Public officials may be sued if they acted oppressively or illegally in the performance of their duties. A suit against a public officer who acted illegally is not a suit against the state. (Aberca v. Ver, G.R. No. 69866, April 15, 1988, 160 SCRA 590)
A public official may be compelled to act through a writ of mandamus. The main objective of mandamus is to compel the performance of a ministerial duty on the part of the respondent official; however, the writ does not issue to control or review the exercise of discretion or to compel a course of conduct. The writ of prohibition can also be availed of, as it is an extraordinary writ which can be directed against a public officer ordering said officer to desist from further proceedings when said proceedings are without or in excess of said officer’s jurisdiction, or are accompanied with grave abuse of discretion. (Rule 65, Revised Rules of Court)
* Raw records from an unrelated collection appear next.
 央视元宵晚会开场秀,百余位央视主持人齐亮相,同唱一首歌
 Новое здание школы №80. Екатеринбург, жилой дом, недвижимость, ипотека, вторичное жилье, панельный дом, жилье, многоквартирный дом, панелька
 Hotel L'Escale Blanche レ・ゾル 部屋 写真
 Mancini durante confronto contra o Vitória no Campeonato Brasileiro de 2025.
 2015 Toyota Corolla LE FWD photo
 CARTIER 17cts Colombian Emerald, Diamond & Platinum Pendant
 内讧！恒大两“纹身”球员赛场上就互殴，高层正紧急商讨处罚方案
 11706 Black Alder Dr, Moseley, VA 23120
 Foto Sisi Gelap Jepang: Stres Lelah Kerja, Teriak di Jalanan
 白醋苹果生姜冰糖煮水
Lastly, a public officer is by law not immune from damages in his/her personal capacity for acts done in bad faith which, being outside the scope of his authority, are no longer protected by the mantle of immunity for official actions. (Vinzons-Chuto v. Fortune Tobacco Corp., G.R. No. 141309, June 19, 2007, 525 SCRA 11)
5.) Do government-owned or -controlled corporations also enjoy the immunity of the State from suit? Explain your answer.
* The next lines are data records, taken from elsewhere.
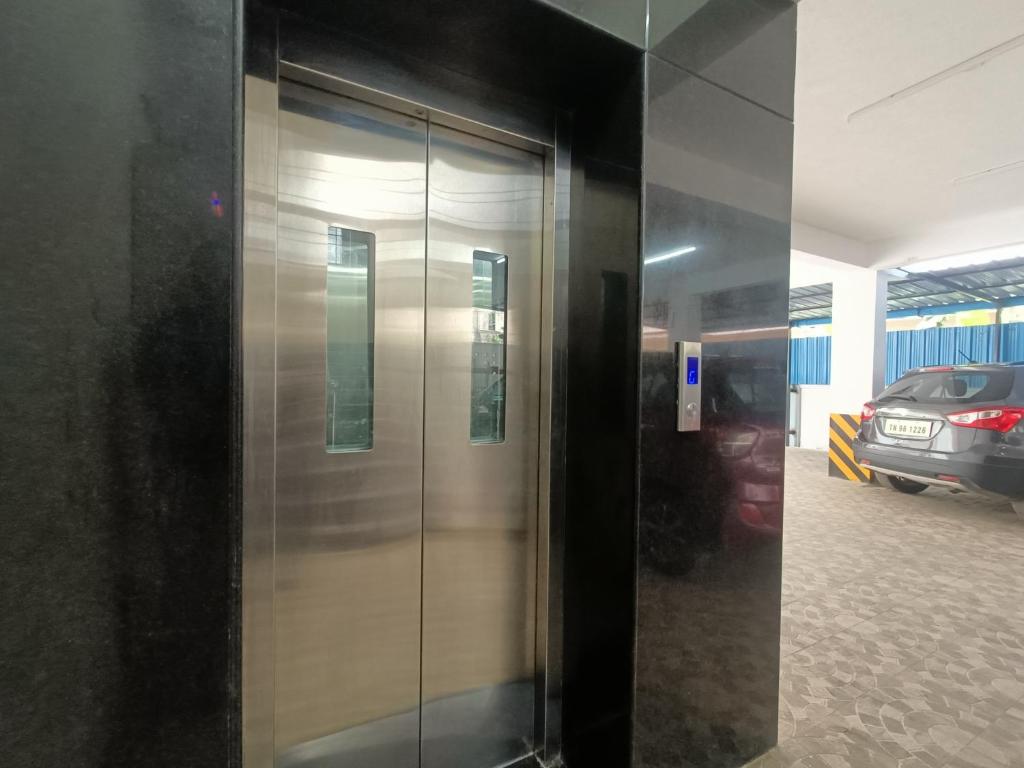 New Metro Serviced Apartment photo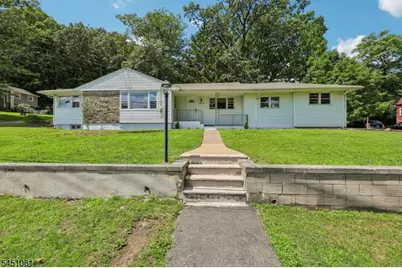33 Lotz Ave, North Haledon, NJ 07508 - Photo 2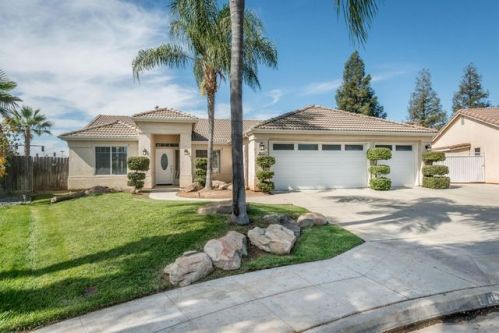 9035 Matus Ave, Fresno, CA 93720-4415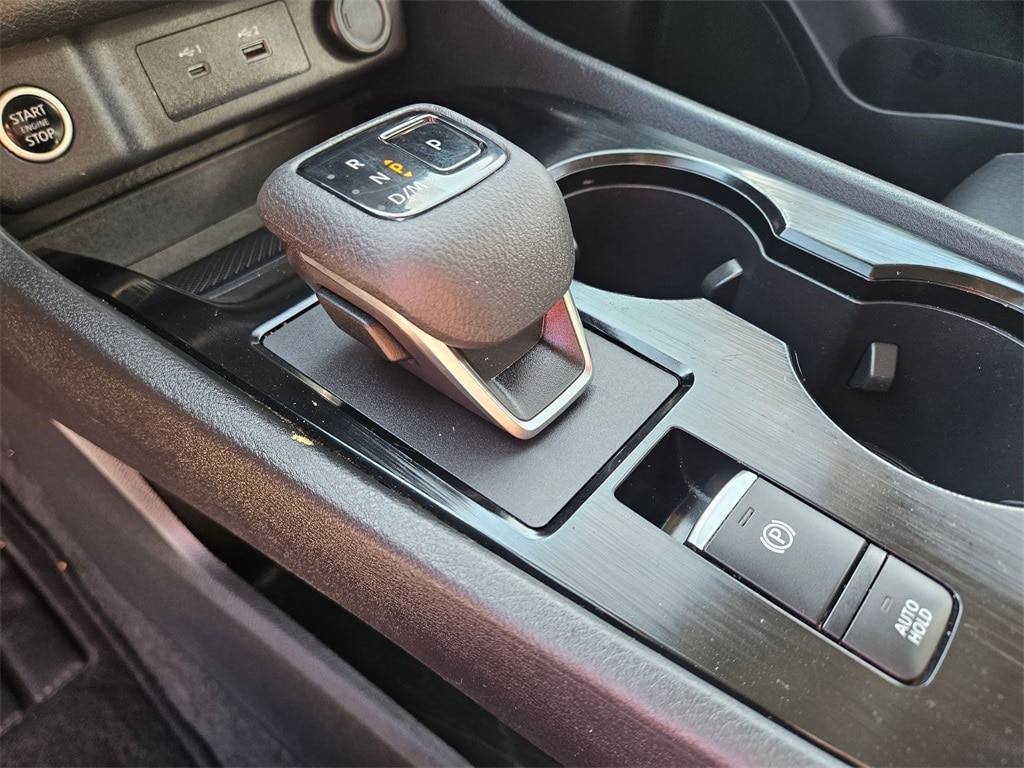 Thumbnail: 2023 Nissan Rogue - 25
A government-owned or controlled corporation may be sued. A suit against it is not a suit against the State, because it has a separate juridical personality. (Social Security Systems v. Court of Appeals, GR. No. L- 41299, February 21, 1983, 120 SORA 707)
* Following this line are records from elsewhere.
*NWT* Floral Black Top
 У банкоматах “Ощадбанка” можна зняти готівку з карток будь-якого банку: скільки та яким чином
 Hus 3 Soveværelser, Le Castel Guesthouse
6.) Annika sued the Republic of the Philippines, represented by the Director of the Bureau of Plant Industry, and asked for the revocation of a deed of donation executed by her in favor of said Bureau. She alleged that, contrary to the terms of the donation, the donee failed to install lighting facilities and a water system on the property donated, and to build an office building and parking lot thereon, which should have been constructed and made ready for occupancy on or before the date fixed in the deed of donation. The Republic invoked state immunity and moved for the dismissal of the case on the ground that it had not consented to be sued. Should the Republic's motion be granted?
The motion of the Republic should be granted. There appears to be no consent on the part of the State to be sued.
In Section 3, Article XVI of the Constitution it is provided that: “The State shall not be sued without its consent.”
That no consent was given by the Republic is shown by the fact that the Bureau or the Government did seem to have complied with the demands of the deed of donation. Compliance with the state immunity is essential for two reasons:
It is required as a provision of the Constitution; and
Immunity is an essential element of state sovereignty.